Nei mesi scorsi c’è stata una lotta auto-organizzata dei rifugiati davanti agli uffici Unhcr di Tripoli. L’avete seguita?

La nostra organizzazione è stata lì dal primo giorno. Abbiamo provato a supportare le circa 2mila persone che hanno dato il via alla mobilitazione. Ci siamo lamentati con l’Unhcr, sia localmente che a Ginevra. Siamo stati molto critici della posizione che ha assunto. L’Unhcr coopera ampiamente con le politiche migratorie italiane ed europee. Hanno rilasciato dei comunicati problematici e chiuso le porte ai rifugiati. Il capo della delegazione dell’Unione europea, invece, ha addirittura chiesto alla polizia libica di proteggere gli uffici, intervenendo.

A breve l’Italia rivoterà il finanziamento della guardia costiera libica. Cosa direbbe ai parlamentari?
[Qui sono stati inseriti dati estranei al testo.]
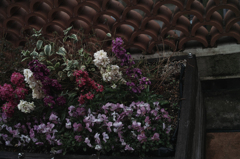 FLOWERS OF ROMANCE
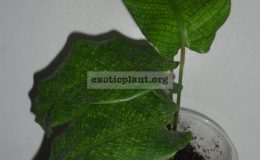 calathea-musaica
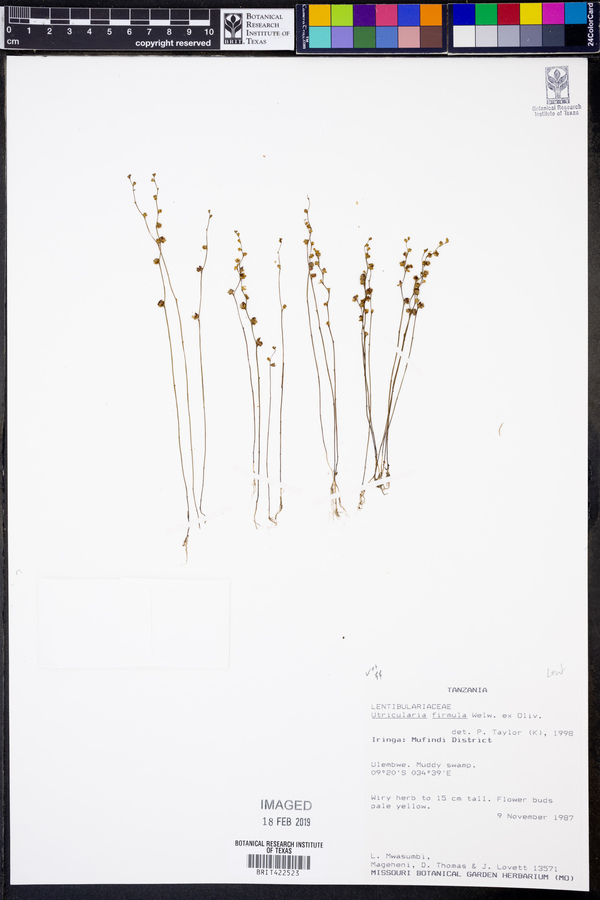 Utricularia firmula image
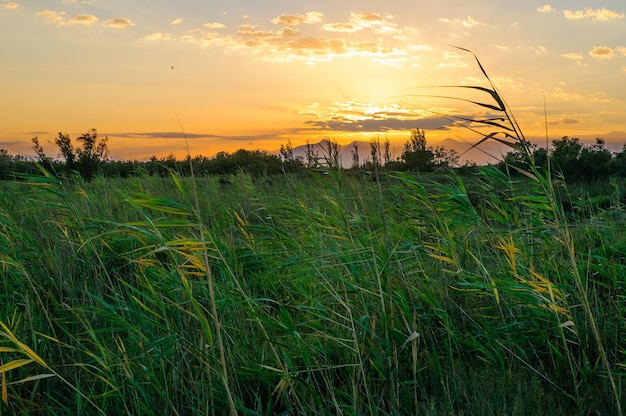 Emporda marshes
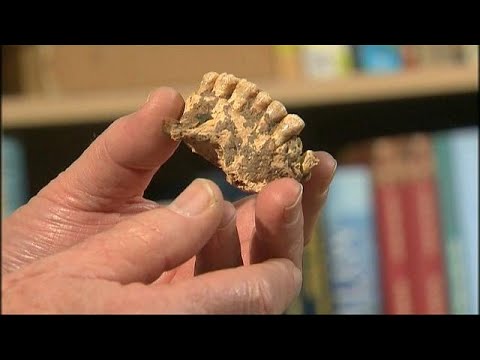 شاهد اكتشاف رفات إنسان تعود إلى أكثر من 170 ألف عام في إسرائيل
Dipende da qual è l’indicatore per valutare l’accordo. Se fosse sostenere, difendere o almeno non violare i diritti umani potremmo discutere di come aiutare le autorità libiche pretendendo il rispetto di condizionalità legate ai diritti umani. Se invece l’unico indicatore che interessa ai politici italiani è la sicurezza delle frontiere allora è difficile discutere. Quel che è certo è che sostenere la guardia costiera libica come è stato fatto finora uccide le persone. In mare o a terra.